Prima in classifica al termine della stagione regolare, dominante ai playoff, dove ha spazzato via il Monaco vincendo la serie 3-0. Per il quinto anno consecutivo, i tifosi dell’Olympiacos Pireo possono sognare la vittoria della competizione. E il modo in cui i Reds hanno superato gli avversari nel turno precedente alle Final Four, è stato da record. Il margine di 74 punti con cui hanno vinto le tre partite ha stabilito un nuovo record in Eurolega. Il precedente primato apparteneva al CSKA Mosca, che aveva vinto 3-1 contro il Panathinaikos AKTOR Atene nei playoff di Eurolega del 2015. A completare la top five troviamo la vittoria per 3-1 del Fenerbahce Beko Istanbul con 57 punti di scarto sullo Zalgiris Kaunas nel 2019, la vittoria per 3-1 del CSKA Mosca con 52 punti di scarto sul Panathinaikos nel 2014 e la vittoria per 3-0 del Barcellona con 51 punti di scarto sul Galatasaray Istanbul, sempre nel 2014. Numeri che confermano la bontà del roster a disposizione di Bartzokas, che per il quinto anno consecutivo proverà a vincere un trofeo che manca dal 2013, in una finale a Londra vinta contro il Real Madrid, scontro che potrebbe ripetersi anche in questa occasione. Negli ultimi anni l’Oly ha raggiunto una sola volta la finale, nel 2023, ed è stato sconfitto sempre dai Blancos, in una classifica del basket europeo, che in questa occasione vedrebbe i greci cercare la rivincita. Infinito il roster, infinito il talento a disposizione: da Fournier e Milutinov, da Vezenkov al veteranissimo Papanikolaou, passando per Peters, Dorsey, Walkup e Ntilikina. Una squadra che arriva per portarsi a casa tutto, ma che si vedrà di fronte in semifinale il peggior avversario possibile, il Fenerbahce campione in carica.

Fenerbahce Beko Istanbul

Ripetersi sarebbe un’impresa, che andrebbe a inserirsi direttamente nella storia andando a pareggiare il colpo fatto da Ergin Ataman e dal suo Efes nelle stagioni 20-21 e 21-22. Questo uno dei traguardi che cerca di raggiungere coach Jasikevicius, conscio che la prima sfida contro l’Olympiacos può essere considerata una finale anticipata. Arrivato alle Final Four dopo il 3-1 inflitto allo Zalgiris, il Fener ha mostrato gli artigli, vincendo in trasferta gara 4 trascinato da Birch, Horton Tucker, Baldwin IV e dal nostro Nic Melli, una colonna della squadra da quando, l’anno scorso, è tornato a Istanbul.
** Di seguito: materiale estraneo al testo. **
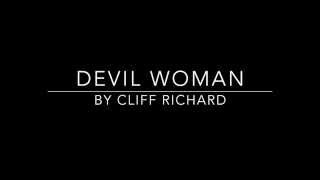 Devil Woman by Cliff Richard Lyrics [upl. by Eenhpad]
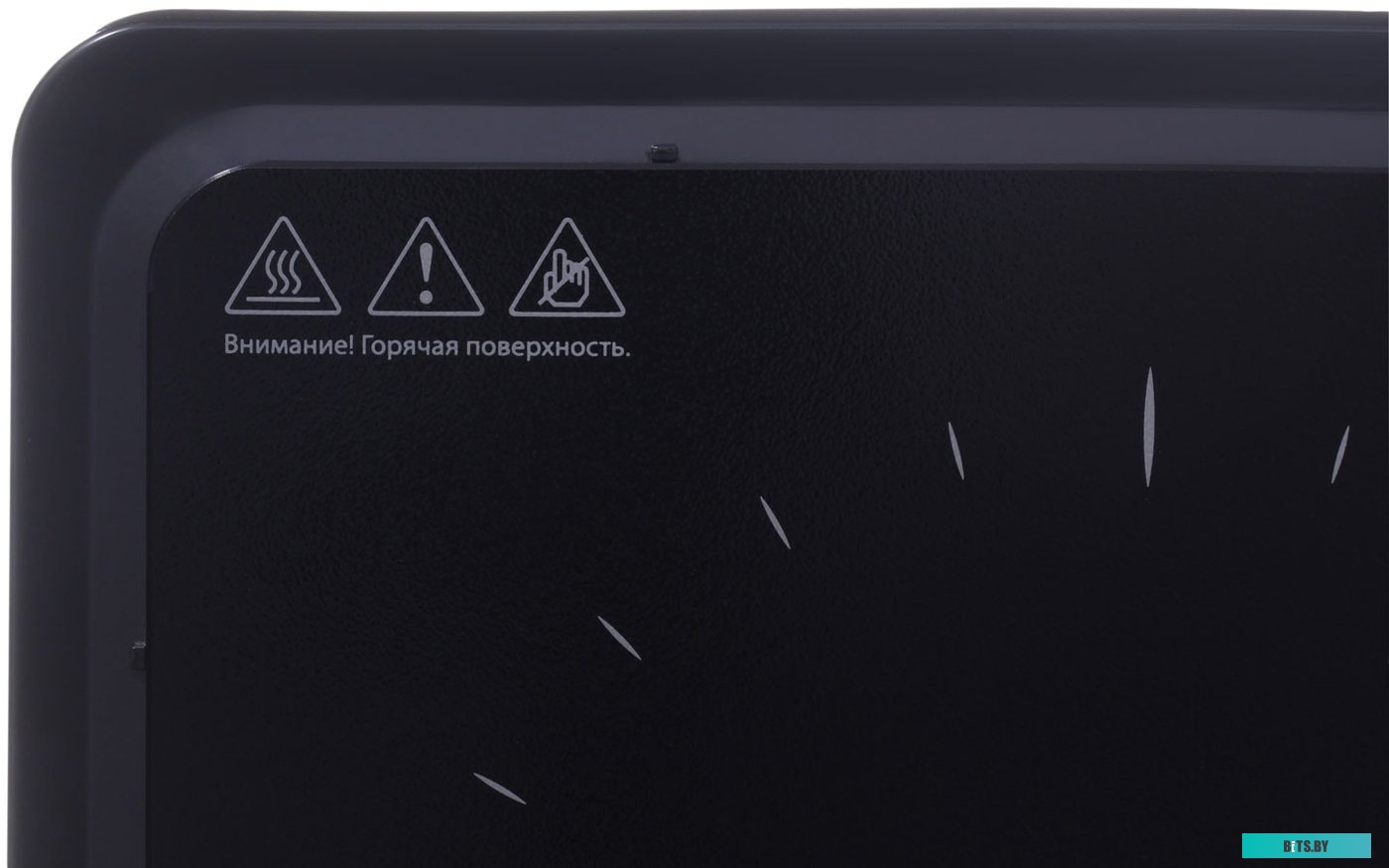 HYC-0101 Плита Индукционная Hyundai HYC-0101 черный стеклокерамика (настольная)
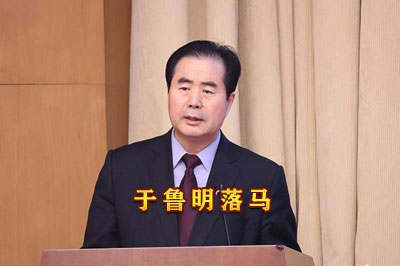 以权谋私北京卫健委原主任于鲁明被双开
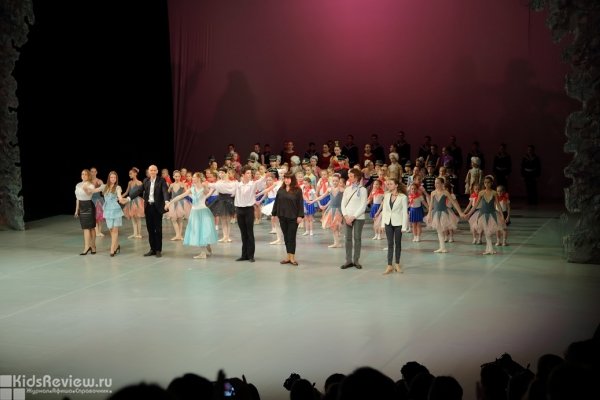 "Пируэт", театр-студия танца, хореография для детей от 3,5 лет на Космонавтов, СПб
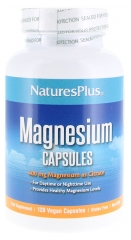 Natures Plus Magnésium 120 Capsules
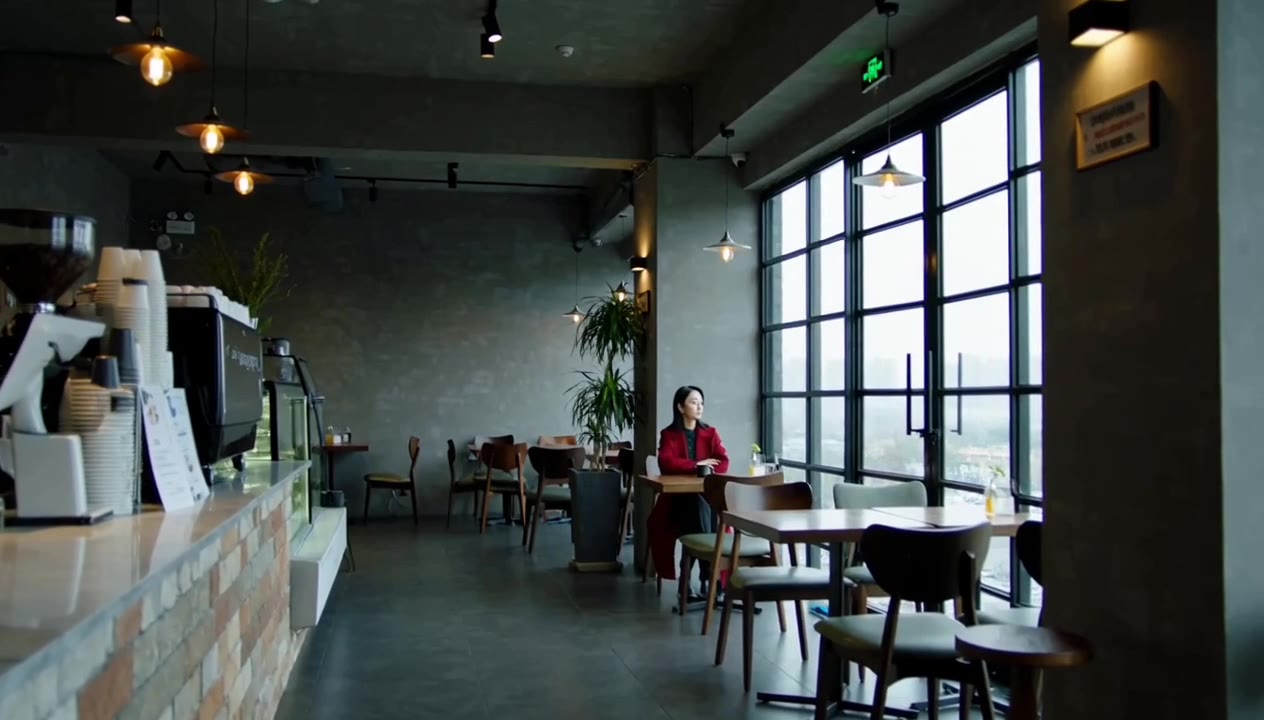 Vivix W1: Cafe, three shots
Sono lori gli elementi di punta della squadra, ai quali fanno da supporting cast i vari De Colo, che con la sua esperienza sa come si giocano e vincono queste partite, Biberovic, l’ex e probabilmente futuro “milanese” Hall, Colson e Jantunen. Un roster che a nomi è meno profondo rispetto a quello dell’Olympiacos, ma che sa il fatto suo in quanto a esperienza, talento e voglia di conquistare nuovamente il trofeo.